GENEVA (Kyodo) -- A U.N. committee on Monday expressed concern that Japan's reparations to Korean women who were forced to work in Japanese wartime brothels are insufficient.
The U.N. Committee on Enforced Disappearances unveiled the view in a report on Japan's implementation of the International Convention for the Protection of All Persons from Enforced Disappearance, which took effect in 2010.
The report said the committee is "concerned at the lack of adequate reparations to the victims...and regrets the state party's position that the issue 'is resolved finally and irreversibly.'"
An official of Japan's permanent mission to the international organizations in Geneva said the report paints a one-sided picture of the so-called comfort women issue based on misunderstanding and prejudice, and called the depiction highly regrettable.

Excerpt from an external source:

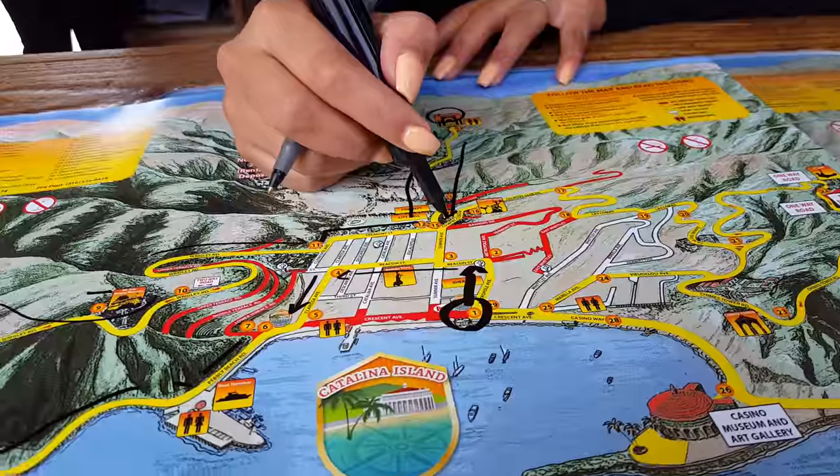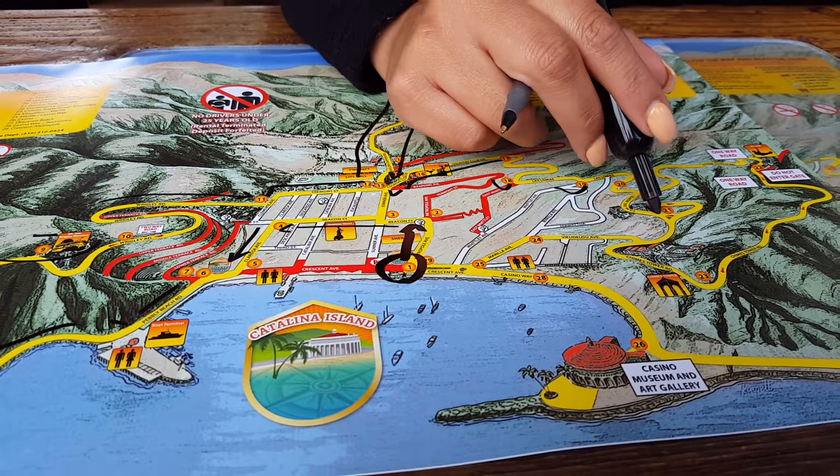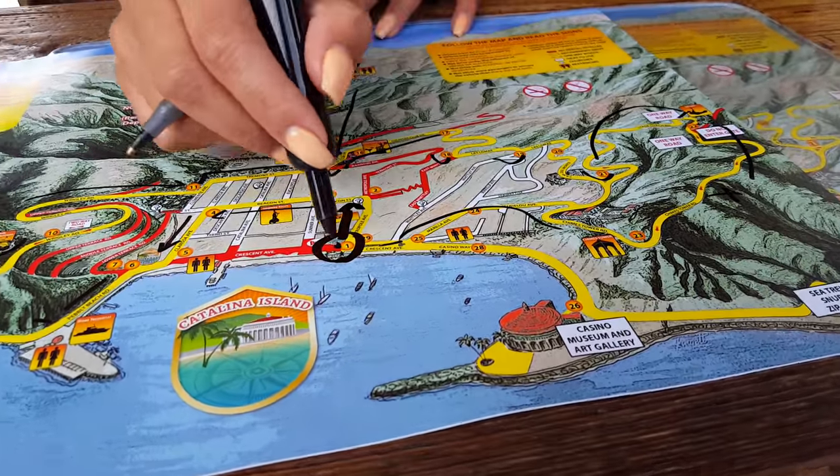And then just come back down the same road. Sharp left on Country Club, and then always left turns. By the zip line — highest point — pretty views from up there. And then you're going to end up there.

The official also said that Tokyo has lodged a complaint with the Office of the High Commissioner for Human Rights about the report, which has no binding force.
Japan and South Korea agreed in 2015 to "finally and irreversibly" settle the comfort women issue, and Japan has stressed the importance of following through on the agreement.

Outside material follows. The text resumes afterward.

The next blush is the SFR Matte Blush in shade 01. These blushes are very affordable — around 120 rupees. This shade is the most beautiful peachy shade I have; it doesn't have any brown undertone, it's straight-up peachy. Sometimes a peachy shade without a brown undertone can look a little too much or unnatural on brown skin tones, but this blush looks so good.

However, sources familiar with bilateral ties said last week that South Korea has notified Japan of its intention to dissolve a foundation set up as part of the agreement to resolve the issue.
The foundation was put in charge of handing out cash payments to victims and their families from a 1 billion yen (about $8.8 million) fund provided by Japan, but had been inactive amid a public outcry in South Korea.
South Korean President Moon Jae In told Japanese Prime Minister Shinzo Abe in September that the foundation was not functioning as intended and suggested it may need to be discontinued.